File this under "For Documentation" purposes. I snapped a picture of myself at work in our physician office to give an idea of how I look when I'm down to business. For makeup I wear eyeliner, eyeshadow, blush, and concealer if needed. I always wear simple, understated earrings. Nothing dangly. And I try to find tops with a little bit of interest (see the gingham and dots?) that occurs in the tiny V-shaped area that shows through my lab coat. My pants tend to be plain, well-cut black trousers (these are my fave). I almost always wear flats, but I admit to getting a little bold in the shoe department. I'm known to rotate through orange suede, black and metallics, and leopard print flats. The old lady patients love 'em.

And that, is my version of young professional doctor style.

Monday, December 8, 2014

Smart Clothes for Girls



Cute girl clothes with a science theme?

Yep, that's right. Instead of I'd-rather-be-shopping (than doing math) themed clothes or revealing outfits, Lands' End for Sears has gone in the "Let's promote science for young girls" direction, and I couldn't be happier.  I showed my support by purchasing a few tees on the spot last week. There's still plenty of cute genius stuff on the racks for your future scientist to enjoy. I'm spreading the word here and on Facebook because I'd like for this "trend" to continue and, even *gasp* become the norm!

Monday, December 1, 2014

Fashion Rebel?


I've never worn "edgey" clothes before. In high school we had a rule that we must always look "neat, clean, and appropriate," and it just stuck with me. That is until I found this pair of ripped jeans for a killer price.
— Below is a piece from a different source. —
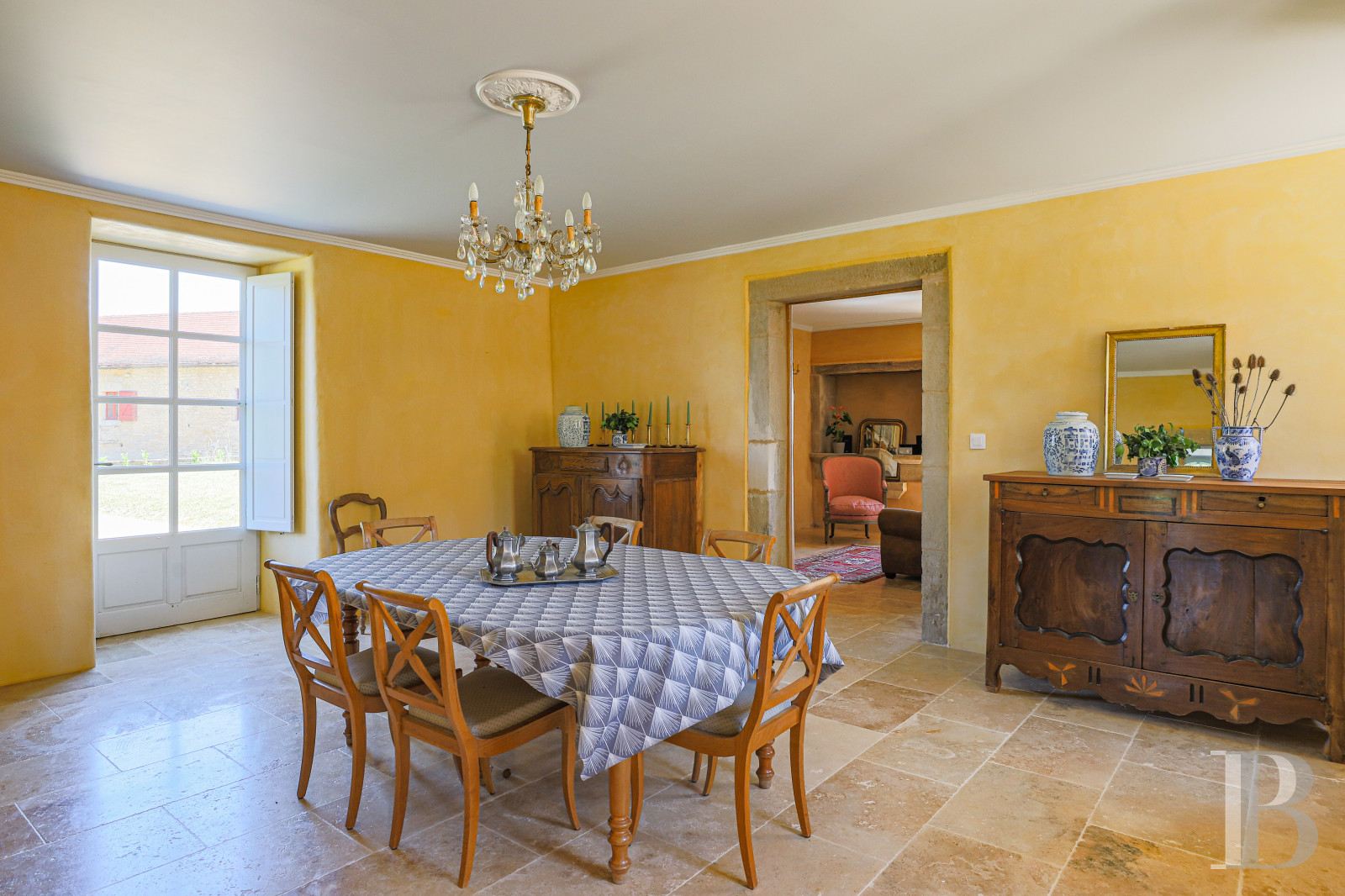 A well preserved and fully restored family chateau in Castanet, Tarn-et-Garonne - photo  n°13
I felt so naughty purchasing them that I asked the cashier if she thought everything would be OK.

So far, planets have not collided. People have not assumed that I'm some punk kid who doesn't rewind her videotapes when she returns them to Blockbuster. . .

(As you can tell, I'm a little behind the times.)

Sunday, November 30, 2014

He Thinks He's a Stud

No, it's not staying in the kitchen.

I could confidently type that post title and know that no one reading this would think I'm talking about Tim. Because, oh man, we all know what a stud he is. I was referring to this banquette seating we scored at Baxton Studio Outlet the other day. It was tagged as $260, which I thought was a very good price to begin with, but then the sales associate told me it was 50% off as part of a holiday sales promotion and oh snap, you know I acted on that. 

Thing is, this banquette seating is intended to go with a very industrial-organic table from CB2 and that nail-head studding is just not going to jive with that. It says Hollywood regency wannabe. Trust me, it does. 

One down, only 383 more to go!

So though it may break a few hearts, and our knuckles in the process, we're removing each nail stud one by one. It's tedious, but for the price it's already worth it.